当時アニメ製作では後発だった
国際映画社が、テレビ東京で『銀河旋風ブライガー』、フジテレビで『おちゃめ神物語コロコロポロン』(原作/吾妻ひでお)、日本テレビでは『魔境伝説アクロバンチ』と、次々に放映枠を獲得していました。
そして、テレビ朝日でもオリジナル企画の『スラングル』を決めたのです。この原動力には、プロデュサーの壷田重夫さんの卓越した営業力がありました。
原案とシリーズ構成は、山本優さん。キャラクターデザインは天野嘉孝さん。美術監督は千葉秀雄さん。シリーズディレクターには宮崎一哉さんという布陣でスタートしました。
音楽も山本正之さんのラップ調のオープニングテーマや、後半からの新田一郎さんによる新テーマも、ブラスが効いていて格好いい曲でした。
物語は、未来の宇宙にはびこる悪の組織クライムに対抗するため、各分野のプロを集めて結成された特殊チーム・ゴリラの活躍を描くアクション作です。
第1話と2話の前後編では、刑務所に入れられたメンバーの脱出がミッションでした。ただ慰問という名目で訪れたヒロイン・セクシーのダンスは色っぽく描かれ、お茶の間で見るには刺激的過ぎました。

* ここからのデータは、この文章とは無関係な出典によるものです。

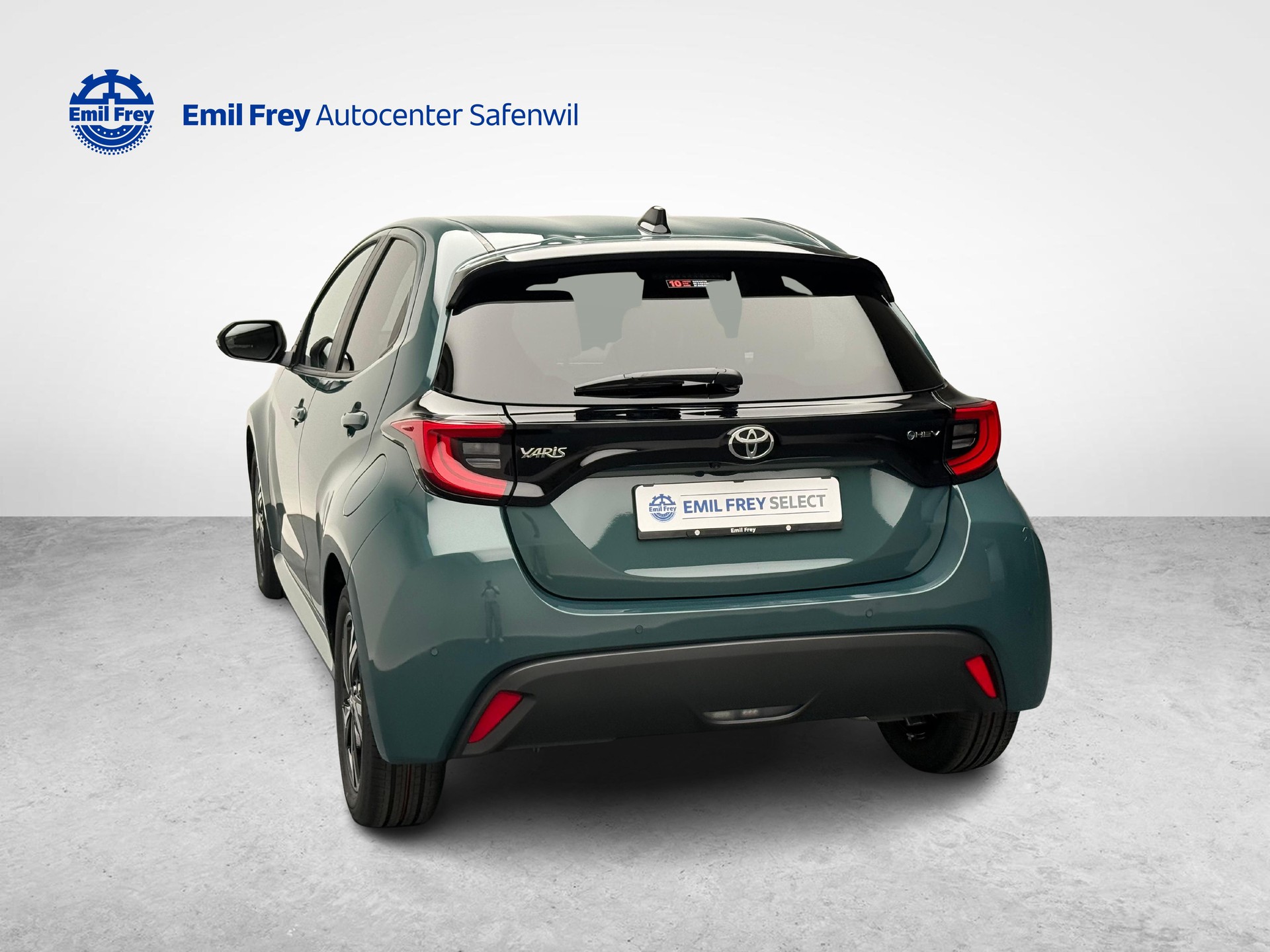 TOYOTA Yaris 1.5 VVT-i HSD Trend-image-2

ゴリラのメンバーは、それぞれ個性的でした。チームの冷静沈着なリーダー、キャプテン・チャンスは野島昭生さんの声もハマっていました。後に、チャンスは天野さんの当初のデザインから大幅に変更されたことを知り驚きました。
これは、スタジオに常駐されていた高橋朝雄さんによるものです。またセクシーに関してはキャラクター表が何通りかありました。スタッフの思い入れも強かったのかもしれません。
シリーズ後半には、番組強化のためか主役メカのスラングルはハイパーチェンジしますし、セクシーとスーパースターというメインキャラの二人が交代することになります。
この後半からは、チーフディレクターには小泉謙三さんが就かれました。
新たに登場したヒロイン・ドーリィやシュガーのデザインも高橋朝雄さんによるものでしたが、後半になると海外作画の回が増えたことで、作画的にはそれほど魅力的には描かれませんでした。
とはいえ一話完結で分かりやすいストーリーでしたので、一般的な人気はあり玩具の売れ行きも良かったのでしょう。
国際映画社としては、ロングランの52話が製作されました。
今も忘れられない、どこか不思議な魅力のあった作品です。